Research suggests the stereotypical early buyer of an electric vehicle is a high wage earner with an advanced degree and multiple cars who lives fairly close to work. There is a strong chance the buyer is female and a Democrat.
The area that immediately popped on the map is the affluent Green Hills area on the near south side. Expensive homes and condos are clustered in neighborhoods near a shopping center filled with upscale retailers and within 10 minutes of downtown.
Keith Brown, principal associate engineer in the distribution planning section of Nashville Electric Service, ticked off the factors that came into play as he looked for the likely buyers of electric vehicles.
"I started downloading census data and identified several factors: age, household income, political affiliation, gender, education level, travel time to work and population density," Brown said.
Why political affiliation?
As first reported by public radio station WPLN in Nashville, a 2007 report by J.D. Power and Associates noted that Democrats and independents predominated as purchasers of hybrid vehicles. That Power study from 2007 is the underpinning of the NES map.
Brown says the propensity to buy hybrids should correlate to the likelihood to buy electrics.
"The more income, the more education, the more likely to be an early adopter," Brown said. "Soccer moms driving electric vehicles as a second car could drive purchases."
Effective power distribution depends on planning, said Carla Nelson, senior engineer for the city-owned electricity distributor.
Nashville Electric Service has about 360,000 customers in a 700-square-mile region.
The power demand to recharge an electric could be considerable, depending upon how much the batteries have discharged.
The consumption by a single-family home could well be the equivalent of a house and a half when electric vehicle recharging is added.

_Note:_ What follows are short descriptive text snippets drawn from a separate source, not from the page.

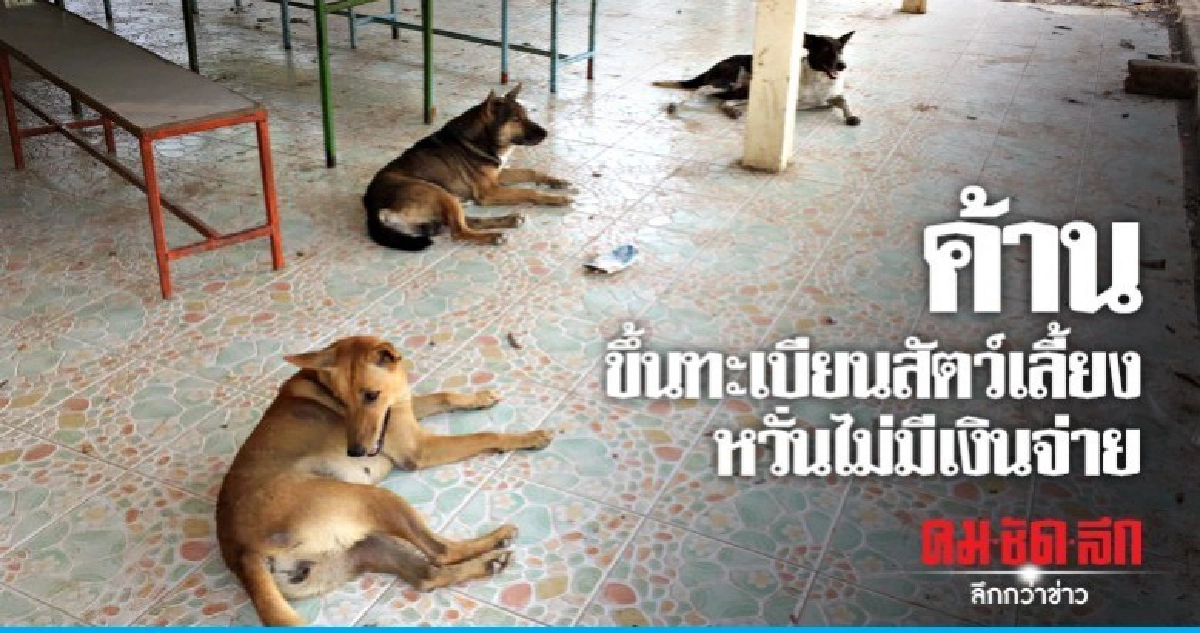  หวั่นไม่มีเงินจ่าย ชาวบ้านไม่เห็นด้วยขึ้นทะเบียนสัตว์เลี้ยง
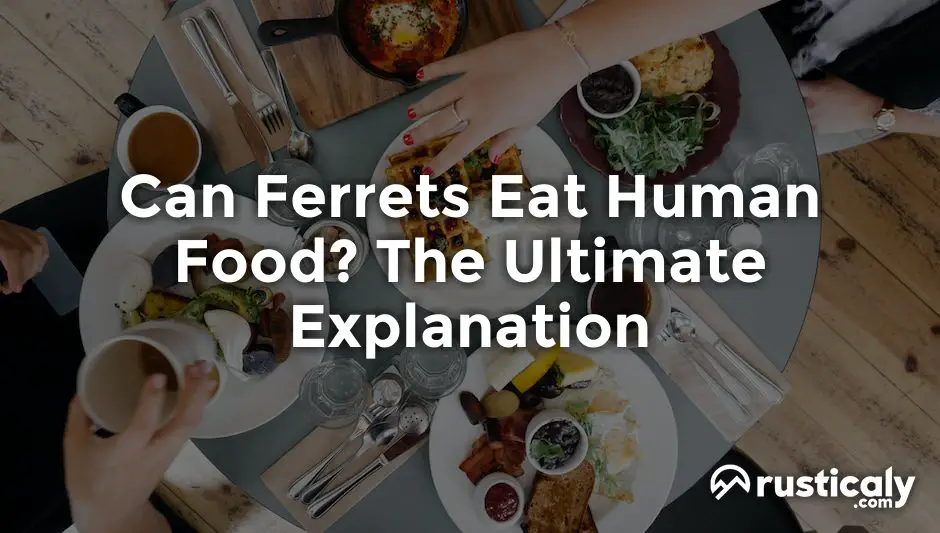 can ferrets eat human food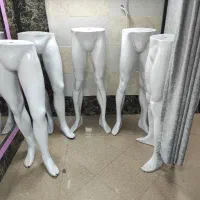 مانکن پا تعداد زیاد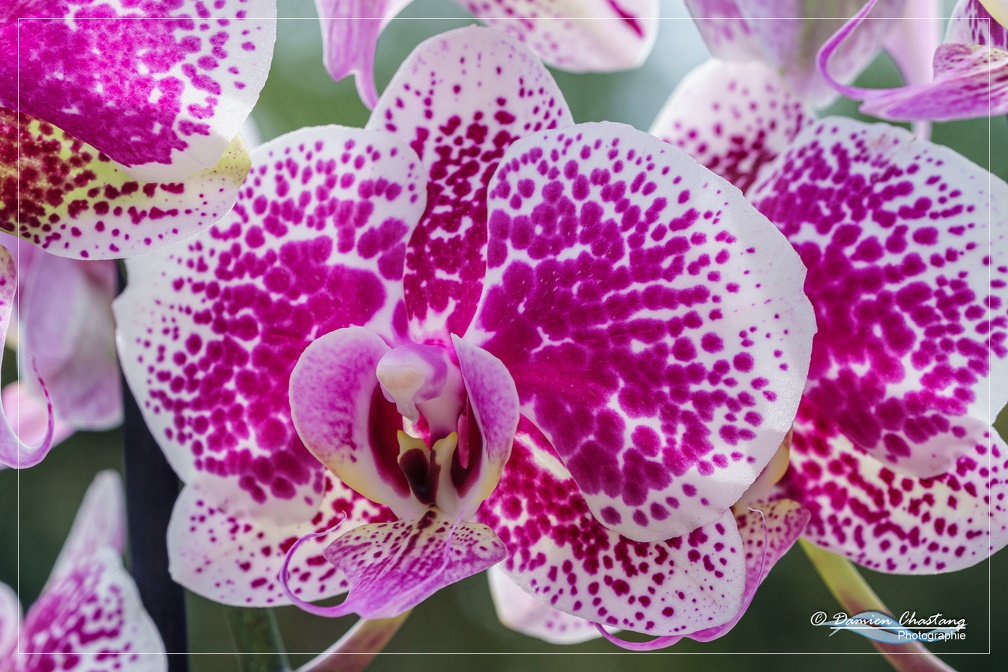 Fleur d'Orchidée Phalaenopsis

What concerns the distributor is the so-called "cluster effect." That scenario has one buyer in an affluent neighborhood influencing a similar purchase by a neighbor. Suddenly a pole transformer intended to serve four houses might be effectively serving five.
The NES research was aided by a Vanderbilt University engineering school class project.
Ken Pence, an engineering professor, said his students helped research some issues that went into the NES map. They concluded that 75 percent of people who have signed up to buy a Nissan Leaf already own two or more cars.
For now, the demand is a mere trickle. The Leaf became available only last month from Japan and it will be late 2012 before the Nissan plant in Smyrna begins making a projected 150,000 of them annually, Brown said. The Chevrolet Volt is also coming online and more makes will follow, he said.
The distributor must be prepared for a possible tidal wave, Brown noted.
Planning for a substation now takes five years.
Brown continues to refine his map.
Still to be determined is whether it would make business sense for NES to build remote charging stations where commuters can recharge electric vehicles at work or in parking lots.
For the time being, Brown scans the map with each census block weighted with the profile factors, and scored from zero to 100.
Staying ahead of demand is his goal.